Während Ida sich mit großem Instinkt in den Fall stürzt, wirkt Magnus zunächst zurückhaltender. Ist das für Sie eher professionelle Vorsicht – oder auch ein Schutzmechanismus der Figur?
Trotz ihrer Unterschiedlichkeit wachsen sie als Team immer mehr zusammen. Wenn Ida sich in etwas verbeißt, lässt sie nicht locker. Und damit hat Magnus immer wieder zu kämpfen. Doch er hat gelernt, dass es sinnvoller ist, sie zu lassen, als sich dagegen zu wehren. Und wenn es wirklich darauf ankommt, weiß er, dass er sich auf sie verlassen kann.

Der Film verbindet einen Mordfall mit einer dramatischen Suchaktion im Watt. Wie haben Sie die Dreharbeiten in dieser besonderen Landschaft erlebt – körperlich wie atmosphärisch?
Es ist jedes Mal ein Geschenk in Dänemark zu drehen. Mir persönlich ist diese Dünen- und Küstenlandschaft sehr nah, da ich in Holland aufgewachsen bin. Auch wenn Stress und Arbeitspensum hoch sind. Sobald ich das Meeresrauschen höre, fühlt es sich immer ein bisschen wie Urlaub an.

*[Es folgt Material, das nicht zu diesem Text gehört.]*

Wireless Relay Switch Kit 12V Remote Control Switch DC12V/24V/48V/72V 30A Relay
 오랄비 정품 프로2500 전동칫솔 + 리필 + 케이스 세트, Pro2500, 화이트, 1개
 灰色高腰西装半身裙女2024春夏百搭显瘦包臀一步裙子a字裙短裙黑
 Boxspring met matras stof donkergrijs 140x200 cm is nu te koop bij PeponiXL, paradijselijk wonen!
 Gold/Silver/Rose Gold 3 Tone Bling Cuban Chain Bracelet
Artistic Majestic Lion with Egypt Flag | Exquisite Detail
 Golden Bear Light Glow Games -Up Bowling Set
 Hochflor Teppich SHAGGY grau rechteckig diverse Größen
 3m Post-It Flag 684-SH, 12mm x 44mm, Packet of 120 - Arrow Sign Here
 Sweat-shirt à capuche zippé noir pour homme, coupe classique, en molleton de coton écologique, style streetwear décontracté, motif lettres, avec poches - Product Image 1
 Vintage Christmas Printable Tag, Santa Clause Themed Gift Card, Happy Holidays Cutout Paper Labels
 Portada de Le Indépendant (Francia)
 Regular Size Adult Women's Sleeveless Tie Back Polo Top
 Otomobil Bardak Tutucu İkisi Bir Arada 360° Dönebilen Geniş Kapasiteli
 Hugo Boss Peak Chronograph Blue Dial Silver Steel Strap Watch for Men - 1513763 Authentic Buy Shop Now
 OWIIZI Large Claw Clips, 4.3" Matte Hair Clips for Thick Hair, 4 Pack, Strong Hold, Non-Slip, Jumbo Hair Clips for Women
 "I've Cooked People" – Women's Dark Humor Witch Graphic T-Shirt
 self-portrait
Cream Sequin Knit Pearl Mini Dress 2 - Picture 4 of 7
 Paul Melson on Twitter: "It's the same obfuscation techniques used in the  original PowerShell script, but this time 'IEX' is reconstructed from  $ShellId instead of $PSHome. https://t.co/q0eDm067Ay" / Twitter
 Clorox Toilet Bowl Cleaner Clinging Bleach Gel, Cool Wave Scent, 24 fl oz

Rømø und Ribe sind nicht nur Kulisse, sondern fast eigene Figuren. Wie sehr beeinflusst diese nordische Weite das Spiel und die Stimmung zwischen den Charakteren?
Kleinstadt Idyllen, wo vermeintlich alles seinen gelassenen, gewohnten Gang geht, haben für mich immer einen gewissen Hauch von Geheimnis. Man kennt sich, wenn da plötzlich Abgründe auftauchen, hat das für mich einen größeren Spannungsbogen als in der Großstadt, wo man eher auf alles gefasst ist.

Magnus und Ida sind inzwischen ein eingespieltes Duo. Wie hat sich die Dynamik zwischen Ihnen und Marlene Morreis im Laufe der Reihe verändert?
Marlene und ich ergänzen einander hervorragend in der Arbeit. Wir haben eine klare und direkte Sprache miteinander gefunden und teilen die Ansicht, das Arbeit Lebenszeit ist, die man zwar ernsthaft, aber auch mit viel Spaß und Freude mit dem gesamten Team verbringen sollte.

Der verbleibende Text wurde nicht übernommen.